--- START ---
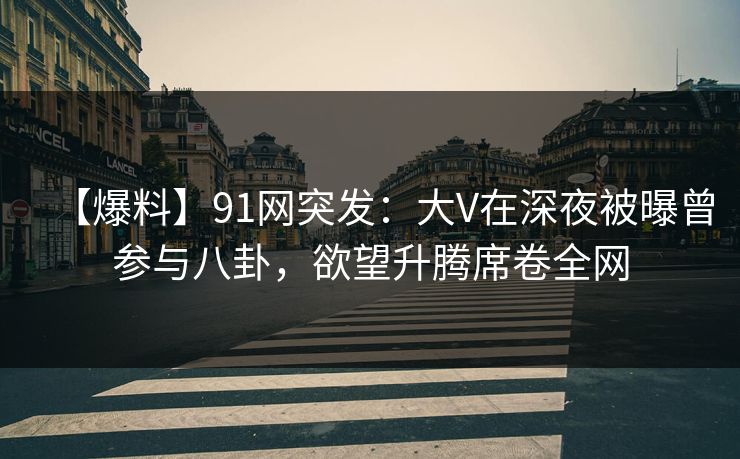 【爆料】91网突发：大V在深夜被曝曾参与八卦，欲望升腾席卷全网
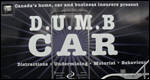 No place for multitasking behind the wheel: The D.U.M.B. Car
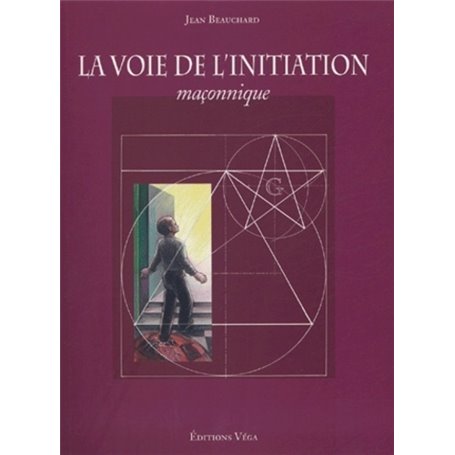 La voie de l'initiation maçonnique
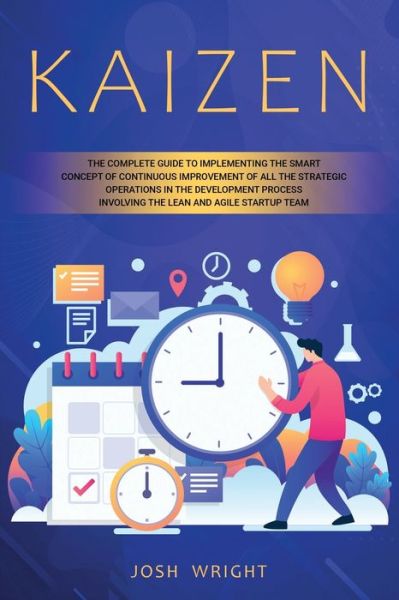 Cover for Josh Wright · Kaizen: The Complete Guide to Implementing the Smart Concept of Continuous Improvement of All the Strategic Operations in the Development Process Involving the Lean and Agile Startup Team (Paperback Book) (2020)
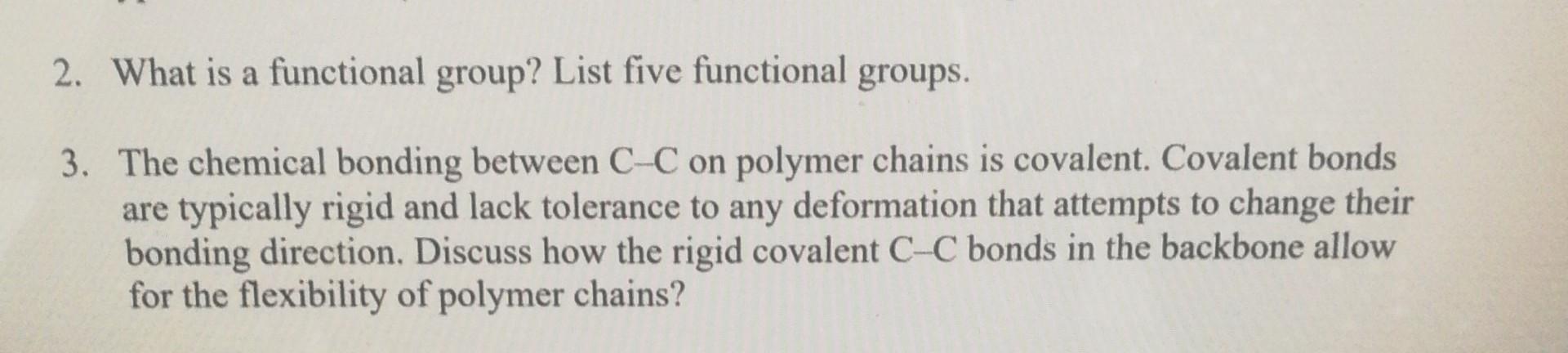 2. What is a functional group? List five functional groups. a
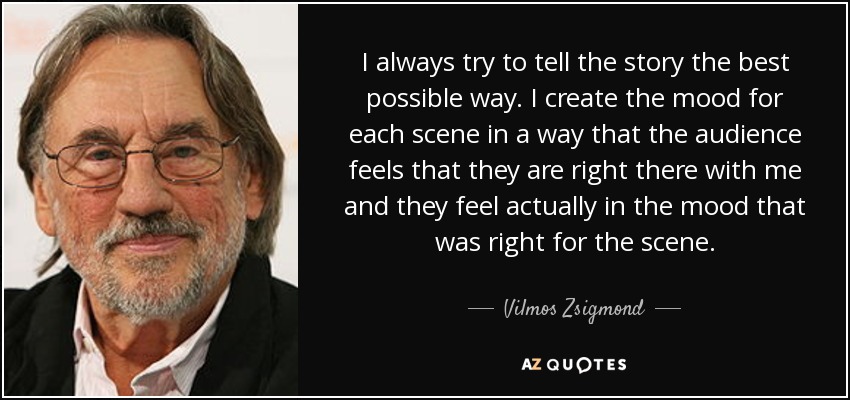 I always try to tell the story the best possible way. I create the mood for each scene in a way that the audience feels that they are right there with me and they feel actually in the mood that was right for the scene. - Vilmos Zsigmond
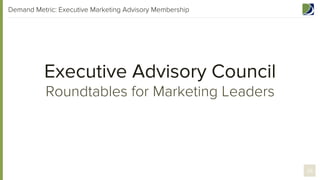 Demand Metric: Executive Marketing Advisory Membership

Executive Advisory Council
Roundtables for Marketing Leaders

26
--- END ---
Repeat the records above exactly, without any pictures.

 【爆料】91网突发：大V在深夜被曝曾参与八卦，欲望升腾席卷全网
 No place for multitasking behind the wheel: The D.U.M.B. Car
 La voie de l'initiation maçonnique
 Cover for Josh Wright · Kaizen: The Complete Guide to Implementing the Smart Concept of Continuous Improvement of All the Strategic Operations in the Development Process Involving the Lean and Agile Startup Team (Paperback Book) (2020)
 2. What is a functional group? List five functional groups. a
 I always try to tell the story the best possible way. I create the mood for each scene in a way that the audience feels that they are right there with me and they feel actually in the mood that was right for the scene. - Vilmos Zsigmond
 Demand Metric: Executive Marketing Advisory Membership

Executive Advisory Council
Roundtables for Marketing Leaders

26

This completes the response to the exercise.